**What you should do**
Where an entry contains a picture, omit the picture and repeat the rest exactly.
:: Information provided ::
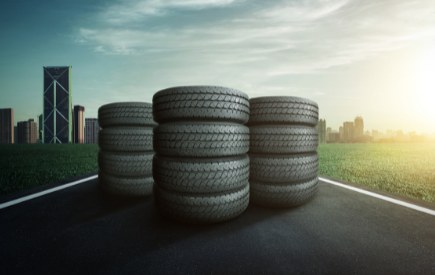 Car tyre and alloy wheel on the open road
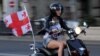 A supporter of the ruling United National Movement party rides a scooter in Tbilisi.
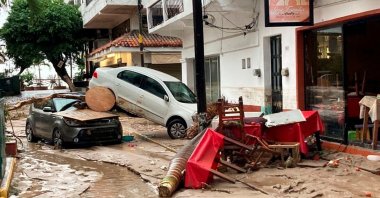 Damaged cars are pictured on a flooded street after Hurricane Nora pounds Mexico's coast with heavy rains and strong winds in Puerto Vallarta, in Jalisco state, Mexico, Aug. 29, 2021. (REUTERS Photo)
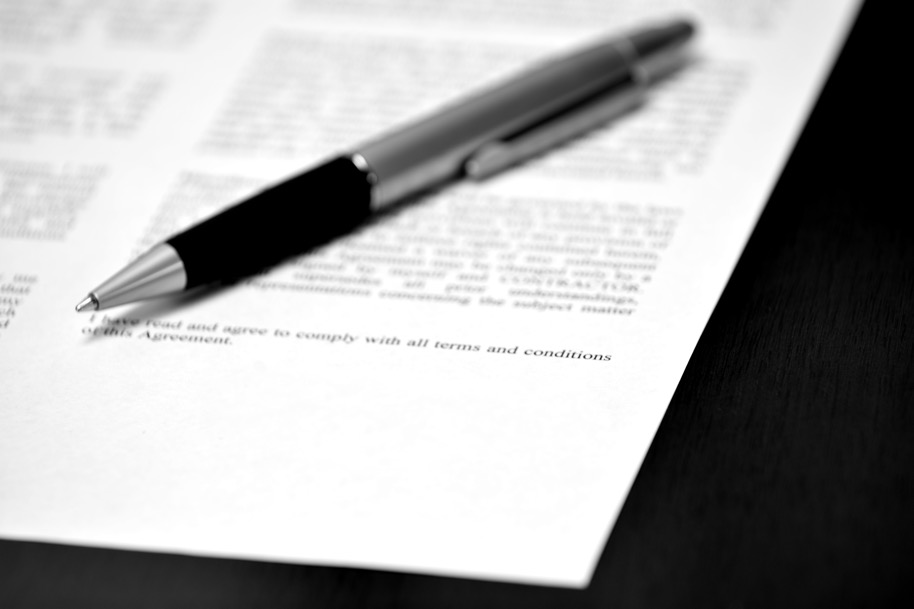 Stift auf Vertragspapier mit leerer Zeile zur Unterschrift, um die Vereinbarung zu schließen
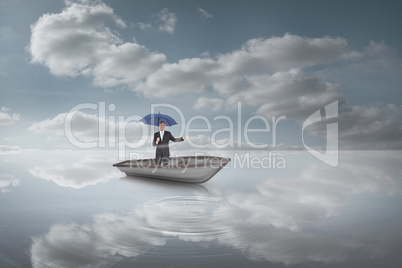 Composite image of peaceful businessman holding blue umbrella in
:::
**Completed task**
 Car tyre and alloy wheel on the open road
 A supporter of the ruling United National Movement party rides a scooter in Tbilisi.
 Damaged cars are pictured on a flooded street after Hurricane Nora pounds Mexico's coast with heavy rains and strong winds in Puerto Vallarta, in Jalisco state, Mexico, Aug. 29, 2021. (REUTERS Photo)
 Stift auf Vertragspapier mit leerer Zeile zur Unterschrift, um die Vereinbarung zu schließen
 Composite image of peaceful businessman holding blue umbrella in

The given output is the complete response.